The expected output is the first line of the data below and every line after it, up to and including the line containing "Easley house for", each reproduced exactly.

____ DATA FOR THE TASK

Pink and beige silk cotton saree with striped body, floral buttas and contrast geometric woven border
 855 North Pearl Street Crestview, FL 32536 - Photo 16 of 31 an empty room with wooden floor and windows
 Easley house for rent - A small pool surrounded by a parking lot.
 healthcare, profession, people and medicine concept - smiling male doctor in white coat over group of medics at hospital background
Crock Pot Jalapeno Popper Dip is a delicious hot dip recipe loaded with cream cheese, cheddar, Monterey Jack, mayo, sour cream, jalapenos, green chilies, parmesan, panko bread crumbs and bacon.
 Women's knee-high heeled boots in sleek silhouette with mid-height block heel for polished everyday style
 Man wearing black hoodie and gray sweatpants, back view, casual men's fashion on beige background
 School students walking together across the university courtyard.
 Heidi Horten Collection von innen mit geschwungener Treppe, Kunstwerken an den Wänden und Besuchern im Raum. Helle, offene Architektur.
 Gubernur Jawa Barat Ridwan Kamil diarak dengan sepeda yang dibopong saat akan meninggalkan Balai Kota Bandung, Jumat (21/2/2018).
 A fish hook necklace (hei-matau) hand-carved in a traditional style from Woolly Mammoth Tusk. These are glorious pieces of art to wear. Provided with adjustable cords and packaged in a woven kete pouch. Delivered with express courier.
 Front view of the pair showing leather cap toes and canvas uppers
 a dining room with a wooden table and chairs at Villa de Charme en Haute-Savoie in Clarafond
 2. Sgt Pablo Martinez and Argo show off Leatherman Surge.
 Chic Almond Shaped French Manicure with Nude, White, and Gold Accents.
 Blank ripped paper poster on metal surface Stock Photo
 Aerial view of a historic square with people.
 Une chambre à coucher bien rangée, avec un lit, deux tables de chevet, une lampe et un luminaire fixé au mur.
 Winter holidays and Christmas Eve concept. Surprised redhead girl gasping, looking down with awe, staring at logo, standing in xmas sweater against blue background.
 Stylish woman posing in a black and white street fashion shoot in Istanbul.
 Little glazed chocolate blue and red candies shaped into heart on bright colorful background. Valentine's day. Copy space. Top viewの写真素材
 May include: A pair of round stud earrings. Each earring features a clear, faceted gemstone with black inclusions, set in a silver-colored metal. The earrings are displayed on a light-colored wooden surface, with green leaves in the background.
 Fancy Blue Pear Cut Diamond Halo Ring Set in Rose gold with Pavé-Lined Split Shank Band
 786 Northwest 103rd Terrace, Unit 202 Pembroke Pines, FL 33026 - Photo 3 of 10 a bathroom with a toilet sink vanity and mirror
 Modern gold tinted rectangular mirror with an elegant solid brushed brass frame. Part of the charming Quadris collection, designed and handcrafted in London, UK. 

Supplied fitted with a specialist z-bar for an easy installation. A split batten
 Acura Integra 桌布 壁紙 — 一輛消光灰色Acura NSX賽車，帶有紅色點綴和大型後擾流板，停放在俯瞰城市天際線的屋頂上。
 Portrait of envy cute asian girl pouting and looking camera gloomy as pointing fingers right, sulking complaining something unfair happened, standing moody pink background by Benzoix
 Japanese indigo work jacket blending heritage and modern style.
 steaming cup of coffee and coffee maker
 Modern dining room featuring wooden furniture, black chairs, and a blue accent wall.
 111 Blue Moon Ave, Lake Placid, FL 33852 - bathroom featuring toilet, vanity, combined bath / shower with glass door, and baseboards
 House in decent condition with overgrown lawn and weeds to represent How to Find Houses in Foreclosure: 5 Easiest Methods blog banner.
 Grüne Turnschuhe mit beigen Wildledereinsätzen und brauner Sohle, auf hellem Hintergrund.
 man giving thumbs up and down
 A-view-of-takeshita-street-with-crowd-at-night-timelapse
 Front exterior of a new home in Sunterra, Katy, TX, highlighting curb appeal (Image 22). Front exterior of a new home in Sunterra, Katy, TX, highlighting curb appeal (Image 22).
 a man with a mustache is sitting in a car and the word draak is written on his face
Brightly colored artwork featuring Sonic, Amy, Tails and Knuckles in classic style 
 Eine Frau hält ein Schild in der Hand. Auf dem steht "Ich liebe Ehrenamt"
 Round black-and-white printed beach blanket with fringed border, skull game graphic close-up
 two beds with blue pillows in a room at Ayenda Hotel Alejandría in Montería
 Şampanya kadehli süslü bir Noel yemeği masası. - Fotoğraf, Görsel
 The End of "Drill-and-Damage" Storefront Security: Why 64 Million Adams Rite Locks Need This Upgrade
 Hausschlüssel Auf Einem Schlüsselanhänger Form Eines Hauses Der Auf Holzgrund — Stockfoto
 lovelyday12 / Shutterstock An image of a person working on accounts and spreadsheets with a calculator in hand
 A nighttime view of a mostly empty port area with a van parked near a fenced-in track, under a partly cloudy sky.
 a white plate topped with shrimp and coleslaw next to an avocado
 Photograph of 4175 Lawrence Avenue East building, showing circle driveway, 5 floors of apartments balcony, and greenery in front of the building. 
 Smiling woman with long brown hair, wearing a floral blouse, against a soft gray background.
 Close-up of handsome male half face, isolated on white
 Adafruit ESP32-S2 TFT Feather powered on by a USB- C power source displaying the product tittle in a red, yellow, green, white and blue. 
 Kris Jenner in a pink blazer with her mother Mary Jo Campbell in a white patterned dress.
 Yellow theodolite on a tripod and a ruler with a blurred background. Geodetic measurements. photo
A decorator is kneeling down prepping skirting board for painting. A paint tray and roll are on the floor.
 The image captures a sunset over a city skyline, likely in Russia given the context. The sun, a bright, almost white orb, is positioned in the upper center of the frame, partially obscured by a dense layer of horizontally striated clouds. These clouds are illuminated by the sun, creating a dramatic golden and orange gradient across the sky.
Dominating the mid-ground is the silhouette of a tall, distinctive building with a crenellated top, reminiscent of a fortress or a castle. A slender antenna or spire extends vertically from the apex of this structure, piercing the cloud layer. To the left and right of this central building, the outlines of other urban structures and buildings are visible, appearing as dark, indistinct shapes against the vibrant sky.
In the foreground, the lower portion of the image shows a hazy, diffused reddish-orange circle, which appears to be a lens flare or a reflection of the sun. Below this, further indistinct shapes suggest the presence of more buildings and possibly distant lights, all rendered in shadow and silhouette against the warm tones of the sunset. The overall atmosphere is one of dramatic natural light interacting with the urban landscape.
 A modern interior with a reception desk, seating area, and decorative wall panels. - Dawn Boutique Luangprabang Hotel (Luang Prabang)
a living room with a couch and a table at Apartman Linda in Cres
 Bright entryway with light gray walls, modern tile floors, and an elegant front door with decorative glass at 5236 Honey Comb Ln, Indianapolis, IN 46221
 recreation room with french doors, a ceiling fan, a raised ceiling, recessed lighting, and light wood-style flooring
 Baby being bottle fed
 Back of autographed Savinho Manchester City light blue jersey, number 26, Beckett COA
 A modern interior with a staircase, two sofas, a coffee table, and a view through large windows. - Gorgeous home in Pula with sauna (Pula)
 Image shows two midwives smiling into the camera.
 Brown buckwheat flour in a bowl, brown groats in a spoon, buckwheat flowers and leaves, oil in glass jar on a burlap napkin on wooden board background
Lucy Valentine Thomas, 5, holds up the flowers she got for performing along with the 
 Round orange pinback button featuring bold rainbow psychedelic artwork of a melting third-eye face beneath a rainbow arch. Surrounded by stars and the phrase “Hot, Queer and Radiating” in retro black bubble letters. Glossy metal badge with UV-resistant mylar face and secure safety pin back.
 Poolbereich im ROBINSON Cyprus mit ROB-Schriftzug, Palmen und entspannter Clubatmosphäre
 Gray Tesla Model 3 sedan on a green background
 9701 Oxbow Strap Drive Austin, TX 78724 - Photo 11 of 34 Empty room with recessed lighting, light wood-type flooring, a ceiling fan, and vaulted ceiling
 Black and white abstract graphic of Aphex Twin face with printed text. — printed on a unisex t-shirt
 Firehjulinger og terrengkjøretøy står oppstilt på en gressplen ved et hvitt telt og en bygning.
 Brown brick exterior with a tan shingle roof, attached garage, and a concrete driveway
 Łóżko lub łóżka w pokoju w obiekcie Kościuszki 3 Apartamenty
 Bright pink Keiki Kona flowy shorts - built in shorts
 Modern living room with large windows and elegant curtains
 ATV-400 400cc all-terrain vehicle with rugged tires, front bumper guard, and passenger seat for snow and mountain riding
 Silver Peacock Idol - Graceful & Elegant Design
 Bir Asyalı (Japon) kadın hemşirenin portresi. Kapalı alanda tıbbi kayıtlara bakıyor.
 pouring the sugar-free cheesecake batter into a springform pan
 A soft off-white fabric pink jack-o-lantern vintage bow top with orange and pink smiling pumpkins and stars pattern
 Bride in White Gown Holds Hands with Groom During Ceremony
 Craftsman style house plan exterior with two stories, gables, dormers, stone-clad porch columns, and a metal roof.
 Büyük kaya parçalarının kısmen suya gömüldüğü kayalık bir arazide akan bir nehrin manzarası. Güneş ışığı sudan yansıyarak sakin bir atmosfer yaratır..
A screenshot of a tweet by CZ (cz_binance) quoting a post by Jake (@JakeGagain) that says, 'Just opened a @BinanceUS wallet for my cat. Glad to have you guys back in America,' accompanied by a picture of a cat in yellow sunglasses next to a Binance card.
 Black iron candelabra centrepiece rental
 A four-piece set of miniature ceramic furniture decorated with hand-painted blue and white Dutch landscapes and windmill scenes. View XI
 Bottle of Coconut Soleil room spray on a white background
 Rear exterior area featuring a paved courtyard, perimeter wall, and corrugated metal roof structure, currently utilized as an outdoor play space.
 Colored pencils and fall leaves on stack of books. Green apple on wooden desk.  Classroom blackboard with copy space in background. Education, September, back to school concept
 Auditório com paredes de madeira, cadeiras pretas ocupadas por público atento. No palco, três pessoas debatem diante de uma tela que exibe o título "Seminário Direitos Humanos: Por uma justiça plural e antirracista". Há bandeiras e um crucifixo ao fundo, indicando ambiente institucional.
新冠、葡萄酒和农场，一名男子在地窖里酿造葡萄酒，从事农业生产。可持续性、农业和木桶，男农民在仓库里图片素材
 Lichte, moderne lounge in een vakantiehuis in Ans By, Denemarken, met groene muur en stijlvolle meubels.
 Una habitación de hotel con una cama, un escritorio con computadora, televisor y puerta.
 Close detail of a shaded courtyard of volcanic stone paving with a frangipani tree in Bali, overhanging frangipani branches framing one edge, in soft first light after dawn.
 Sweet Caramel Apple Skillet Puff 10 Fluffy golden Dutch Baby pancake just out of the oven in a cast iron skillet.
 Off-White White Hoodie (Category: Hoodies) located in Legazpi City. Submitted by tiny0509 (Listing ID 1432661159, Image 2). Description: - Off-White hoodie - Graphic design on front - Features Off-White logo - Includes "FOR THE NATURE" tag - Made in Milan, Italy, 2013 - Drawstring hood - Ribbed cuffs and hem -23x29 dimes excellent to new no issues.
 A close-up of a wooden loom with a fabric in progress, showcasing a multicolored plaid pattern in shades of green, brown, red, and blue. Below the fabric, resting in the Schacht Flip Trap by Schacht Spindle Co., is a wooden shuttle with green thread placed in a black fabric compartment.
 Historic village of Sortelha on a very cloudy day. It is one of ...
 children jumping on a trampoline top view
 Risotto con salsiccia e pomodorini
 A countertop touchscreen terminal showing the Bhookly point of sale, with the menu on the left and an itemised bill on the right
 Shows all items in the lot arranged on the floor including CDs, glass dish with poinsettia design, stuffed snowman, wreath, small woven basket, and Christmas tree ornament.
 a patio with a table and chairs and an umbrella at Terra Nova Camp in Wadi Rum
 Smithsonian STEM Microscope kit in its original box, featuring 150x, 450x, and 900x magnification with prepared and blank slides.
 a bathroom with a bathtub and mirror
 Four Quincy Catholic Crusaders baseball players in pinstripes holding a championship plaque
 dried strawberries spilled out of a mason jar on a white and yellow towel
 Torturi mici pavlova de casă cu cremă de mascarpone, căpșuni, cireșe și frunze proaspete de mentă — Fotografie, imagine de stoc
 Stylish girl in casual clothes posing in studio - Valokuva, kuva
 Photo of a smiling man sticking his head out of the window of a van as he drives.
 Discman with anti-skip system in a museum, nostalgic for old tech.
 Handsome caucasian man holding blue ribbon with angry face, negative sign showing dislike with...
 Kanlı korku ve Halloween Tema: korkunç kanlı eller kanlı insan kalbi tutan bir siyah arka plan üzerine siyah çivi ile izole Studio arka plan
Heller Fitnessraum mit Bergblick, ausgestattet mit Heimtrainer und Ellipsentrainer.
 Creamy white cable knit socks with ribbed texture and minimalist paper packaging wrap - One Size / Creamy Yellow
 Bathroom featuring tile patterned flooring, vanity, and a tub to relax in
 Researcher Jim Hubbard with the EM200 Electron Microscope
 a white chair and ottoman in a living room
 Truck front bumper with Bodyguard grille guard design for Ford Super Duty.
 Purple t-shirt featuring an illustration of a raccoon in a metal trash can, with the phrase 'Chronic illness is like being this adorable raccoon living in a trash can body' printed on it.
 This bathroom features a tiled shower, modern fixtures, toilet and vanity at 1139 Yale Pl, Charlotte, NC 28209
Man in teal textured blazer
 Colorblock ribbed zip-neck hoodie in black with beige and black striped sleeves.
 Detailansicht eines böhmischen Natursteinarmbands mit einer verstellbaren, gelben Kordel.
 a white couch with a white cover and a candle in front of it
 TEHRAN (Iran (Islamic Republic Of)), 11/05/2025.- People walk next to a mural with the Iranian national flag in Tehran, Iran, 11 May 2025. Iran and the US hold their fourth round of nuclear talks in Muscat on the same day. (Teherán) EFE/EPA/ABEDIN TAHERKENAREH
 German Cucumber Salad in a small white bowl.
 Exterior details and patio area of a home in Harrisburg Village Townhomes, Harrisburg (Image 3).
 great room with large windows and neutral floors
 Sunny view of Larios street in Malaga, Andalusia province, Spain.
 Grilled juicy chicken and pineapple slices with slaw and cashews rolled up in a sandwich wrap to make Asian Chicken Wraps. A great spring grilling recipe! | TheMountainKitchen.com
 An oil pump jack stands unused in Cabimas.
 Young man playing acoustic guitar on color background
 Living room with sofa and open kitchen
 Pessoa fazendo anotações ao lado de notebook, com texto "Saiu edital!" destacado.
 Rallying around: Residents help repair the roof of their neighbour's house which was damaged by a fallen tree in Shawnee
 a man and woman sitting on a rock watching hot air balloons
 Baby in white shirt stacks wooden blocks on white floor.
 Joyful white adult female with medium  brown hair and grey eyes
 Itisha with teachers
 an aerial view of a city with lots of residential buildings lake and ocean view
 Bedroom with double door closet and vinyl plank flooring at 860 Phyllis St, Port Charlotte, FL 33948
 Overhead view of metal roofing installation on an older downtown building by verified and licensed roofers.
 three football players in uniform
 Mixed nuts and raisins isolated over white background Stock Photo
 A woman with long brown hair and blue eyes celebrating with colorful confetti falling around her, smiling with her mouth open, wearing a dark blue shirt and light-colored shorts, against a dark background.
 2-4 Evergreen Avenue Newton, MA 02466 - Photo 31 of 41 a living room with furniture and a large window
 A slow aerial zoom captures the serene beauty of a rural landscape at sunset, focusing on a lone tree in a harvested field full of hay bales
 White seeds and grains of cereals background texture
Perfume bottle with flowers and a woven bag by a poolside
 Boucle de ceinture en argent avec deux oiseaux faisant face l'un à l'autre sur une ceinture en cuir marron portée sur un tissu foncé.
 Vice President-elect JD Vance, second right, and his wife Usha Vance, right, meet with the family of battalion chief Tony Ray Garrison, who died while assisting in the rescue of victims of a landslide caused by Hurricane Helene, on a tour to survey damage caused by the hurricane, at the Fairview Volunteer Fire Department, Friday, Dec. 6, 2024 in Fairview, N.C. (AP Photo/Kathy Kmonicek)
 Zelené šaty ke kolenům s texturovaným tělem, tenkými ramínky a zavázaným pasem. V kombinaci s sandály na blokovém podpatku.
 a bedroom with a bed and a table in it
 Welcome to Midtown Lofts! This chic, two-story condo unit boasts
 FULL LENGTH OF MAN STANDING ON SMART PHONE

________

(EXERCISE RESPONSE):
Pink and beige silk cotton saree with striped body, floral buttas and contrast geometric woven border
 855 North Pearl Street Crestview, FL 32536 - Photo 16 of 31 an empty room with wooden floor and windows
 Easley house for rent - A small pool surrounded by a parking lot.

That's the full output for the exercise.